_TASK REQUIREMENTS_
For this exercise, the lines from the one with "Sudadera con capucha" through the final line of the data below are to be transcribed exactly, and pictures are to be skipped.

Short descriptive text snippets:

Start of Block

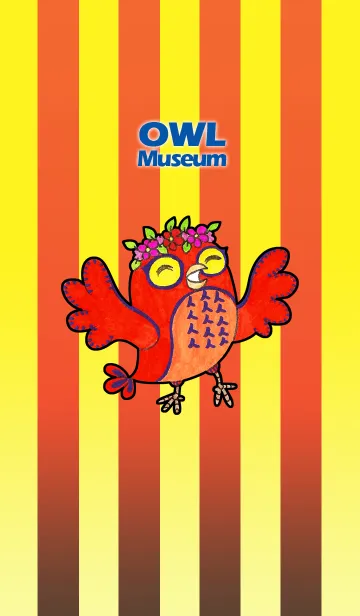 [LINE着せ替え] フクロウ 博物館 117 - Wreath Owlの画像1
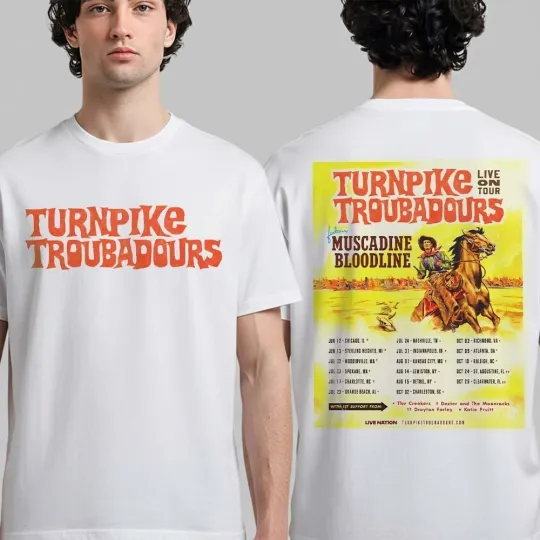 Discover Turnpike Troubadours Live On Tour 2026 North America Schedule T-Shirt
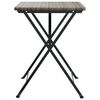vidaXL Folding Bistro Table Grey PE rattan, powder-coated steel Compact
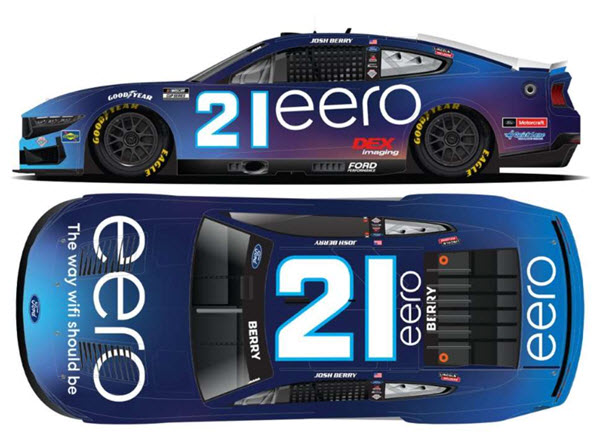 2025 Josh Berry NASCAR Diecast 21 eero124 CWC Lionel Action RCCA Elite 99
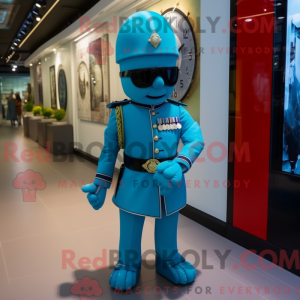 Cyan britisk Royal Guard...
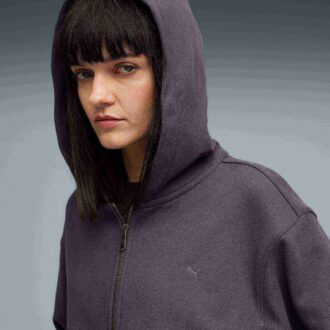 Sudadera con capucha y cremallera Yona para mujer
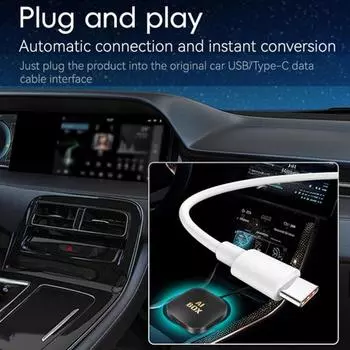 Беспроводной адаптер для Android Auto преобразует проводное соединение в беспроводное для Carplay с поддержкой Netflix 2+32GB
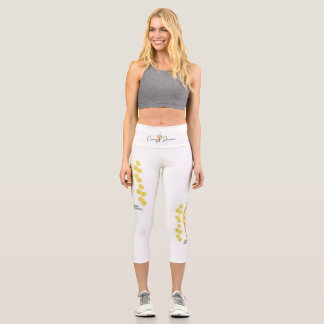 Capri Leggings de mujer con limones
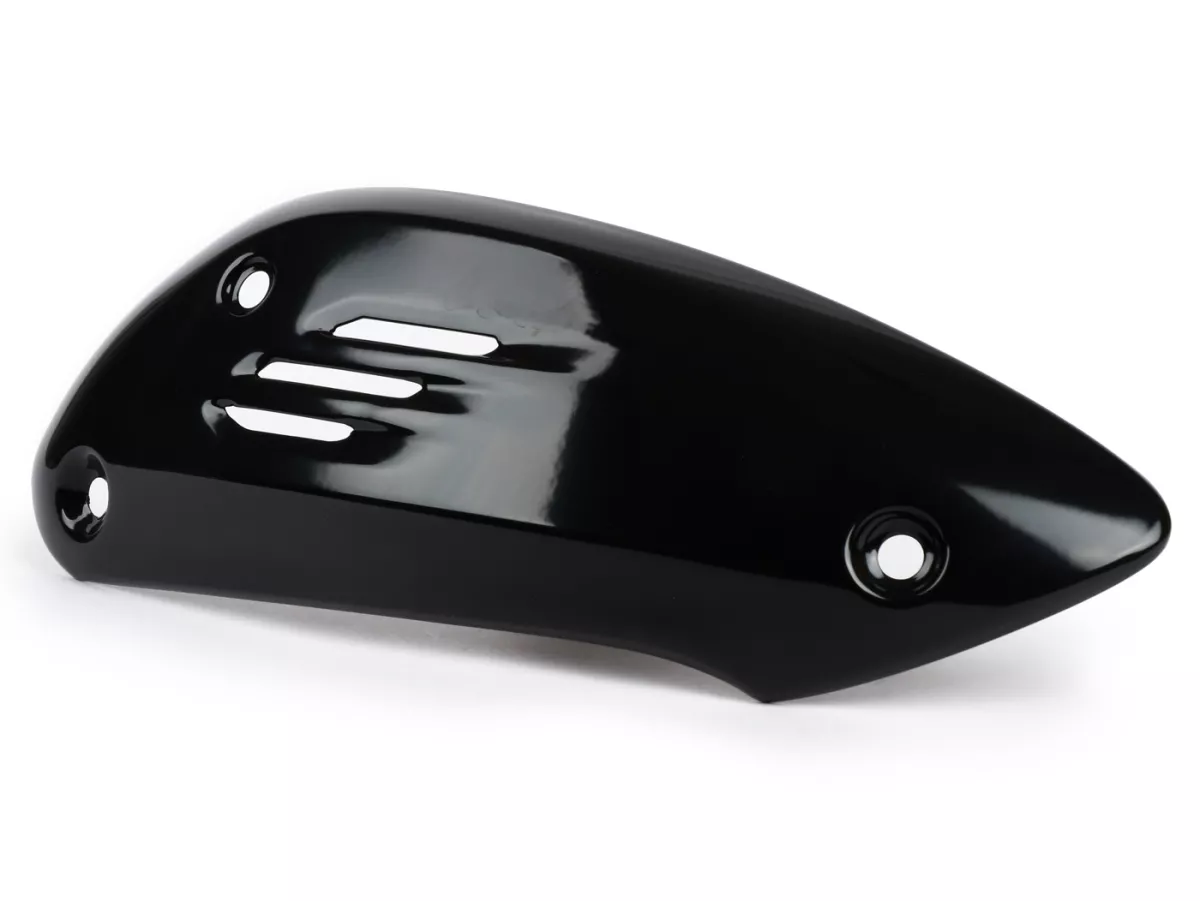 Coperchio scarico, nero lucido -PIAGGIO- Vespa GTS 300 HPE (ZAPMD3103, ZAPMD3104)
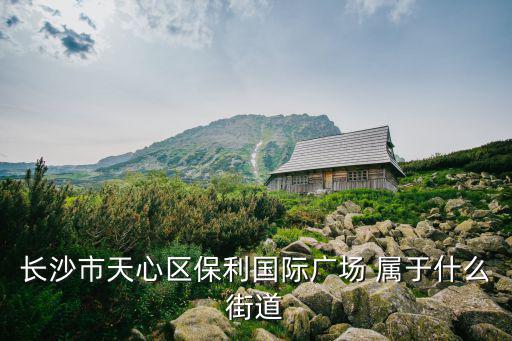 長沙市天心區(qū)保利國際廣場 屬于什么街道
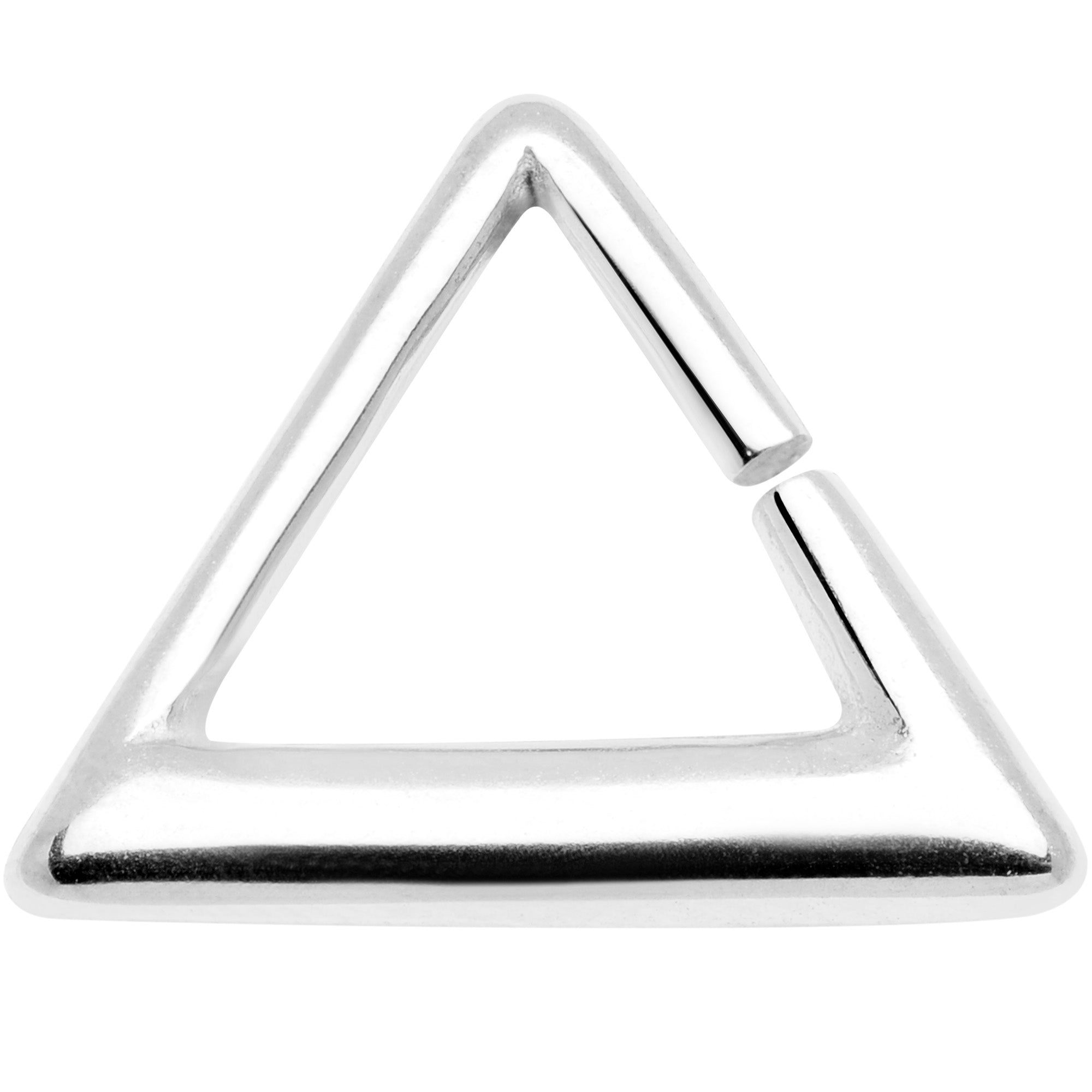 16G 5/16 Steel Triangle Cartilage Tragus Daith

End of Block

_TASK ANSWER_
 Sudadera con capucha y cremallera Yona para mujer
 Беспроводной адаптер для Android Auto преобразует проводное соединение в беспроводное для Carplay с поддержкой Netflix 2+32GB
 Capri Leggings de mujer con limones
 Coperchio scarico, nero lucido -PIAGGIO- Vespa GTS 300 HPE (ZAPMD3103, ZAPMD3104)
 長沙市天心區(qū)保利國際廣場 屬于什么街道
 16G 5/16 Steel Triangle Cartilage Tragus Daith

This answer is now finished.